Last month, George Bush showed that he can reach for newer and greater heights when he broke the Gallup poll record for highest disapproval ever recorded for a president over the last 70 years.

The records keep rolling in…but, this month, Bush is an equal opportunity record-breaker. He has reached a new high and sunk to new lows for May:

The month started out with a new high (my emphasis throughout):

A new poll suggests that George W. Bush is the most unpopular president in modern American history.

A CNN/Opinion Research Corporation survey released Thursday indicates that 71 percent of the American public disapprove of how Bush his handling his job as president.

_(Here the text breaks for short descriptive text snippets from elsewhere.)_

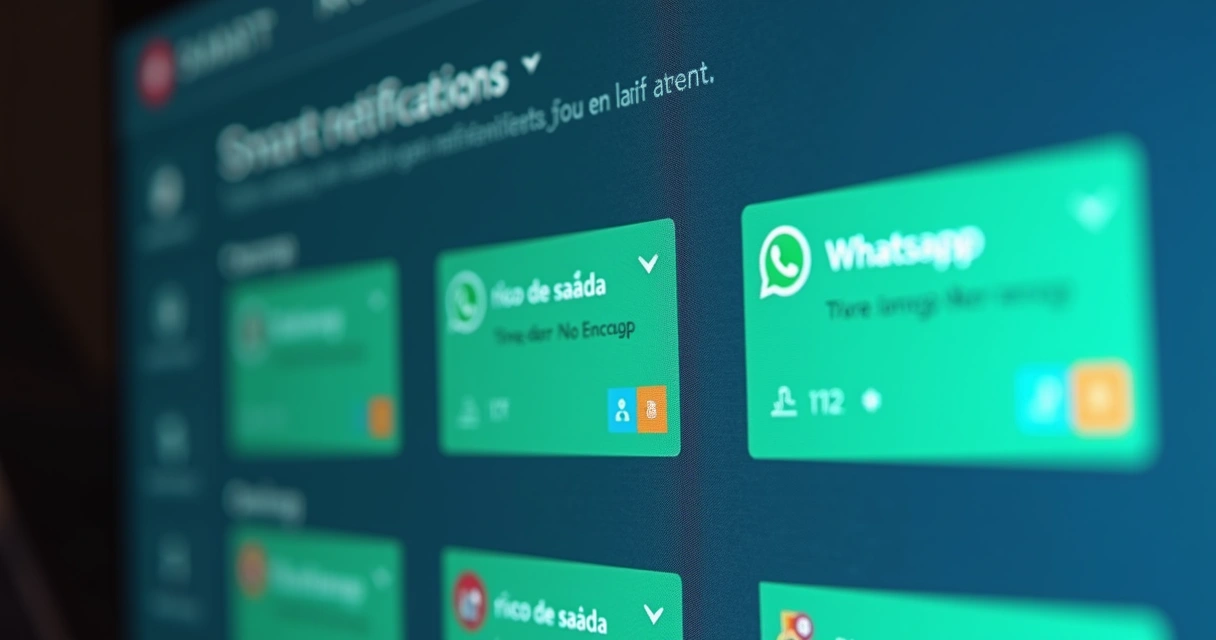 Console mostrando alertas inteligentes de grupos WhatsApp 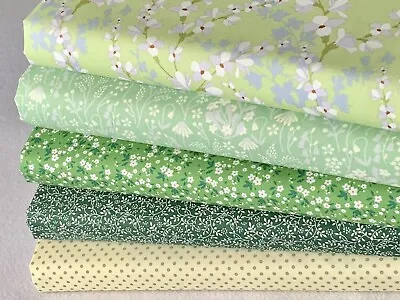 100% Cotton Fat Quarter Bundle Quality Craft Fabric Floral Green Cream C • £10.10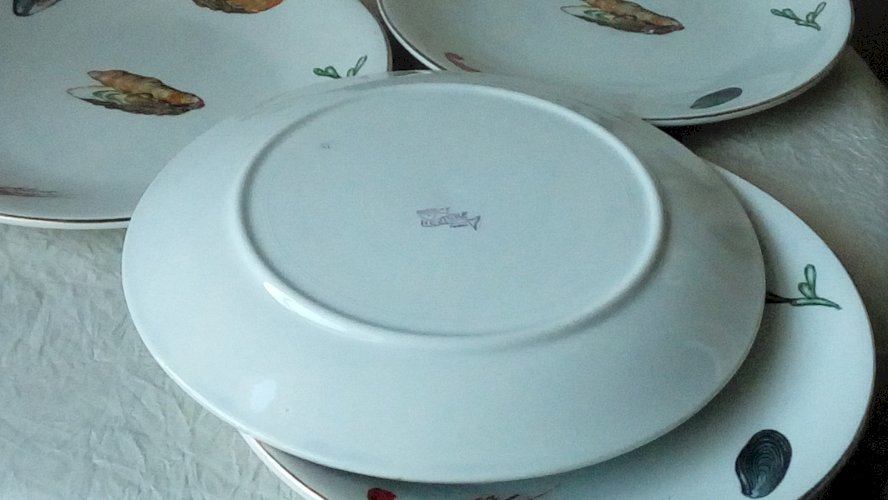6 ASSIETTES PLATES EN FAIENCE DE DIGOIN MODELE NEPTUNE DECOR CRUSTACÉS **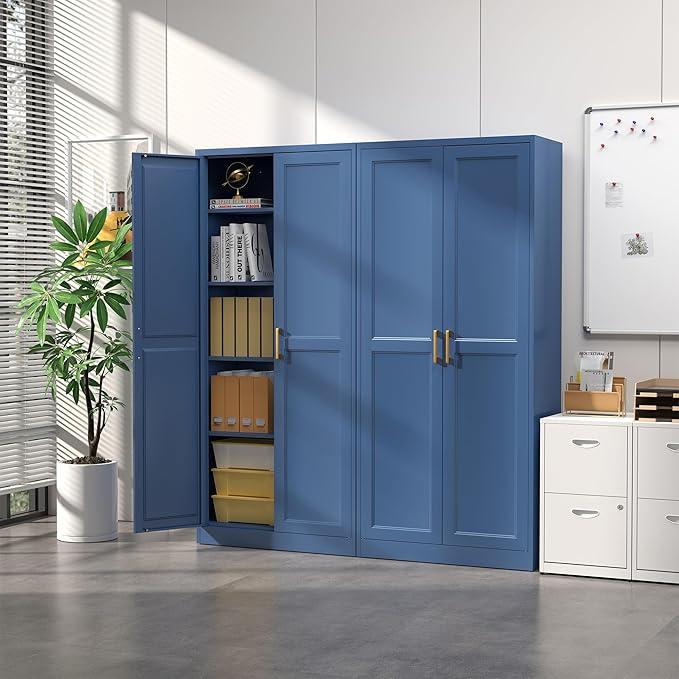 Kitchen Pantry Cabinet,71?쒫lue Metal Pantry Storage Cabinets with Doors and 4 Adjustable Shelves,Kitchen Cabinet with 2 Gold Handles,Tall Cabinet for Livingroom,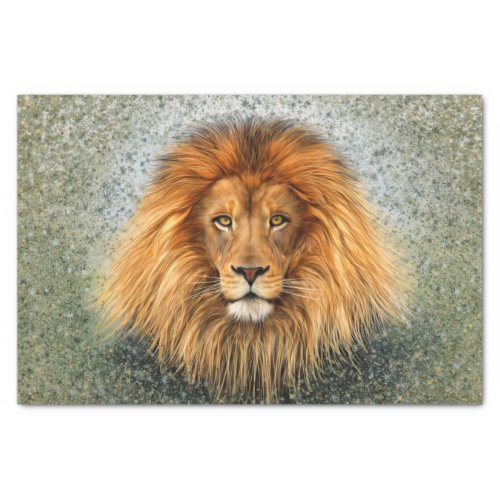 Lion Photograph Paint Art image Tissue Paper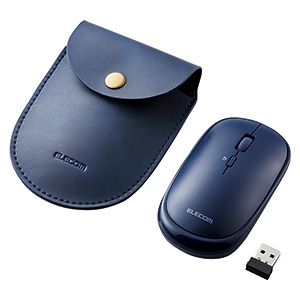 ELECOM ワイヤレスマウス 《Slint》 無線2.4GHz方式 BlueLED方式 Mサイズ 4ボタン 収納ポーチ付 ブルー M-TM10DBBU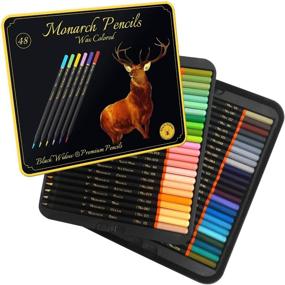 img 4 attached to «Премиум-набор из 48 черных карандашей Black Widow Monarch для взрослых раскрасок - гладкие пигменты гарантируют лучшие результаты для искусства и рисования".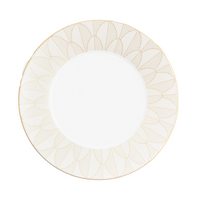 A white Christofle Malmaison Imperiale Porcelain Dinnerware Gold dinner plate featuring a gold fan-like rim, from the brand's elegant Malmaison collection.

“No president has ever had a higher disapproval rating in any CNN or Gallup poll; in fact, this is the first time that any president’s disapproval rating has cracked the 70 percent mark,” said CNN Polling Director Keating Holland.

“Bush’s approval rating, which stands at 28 percent in our new poll, remains better than the all-time lows set by Harry Truman and Richard Nixon (22 percent and 24 percent, respectively) but even those two presidents never got a disapproval rating in the 70s,” Holland added. “The previous all-time record in CNN or Gallup polling was set by Truman, 66 percent disapproval in January 1952.”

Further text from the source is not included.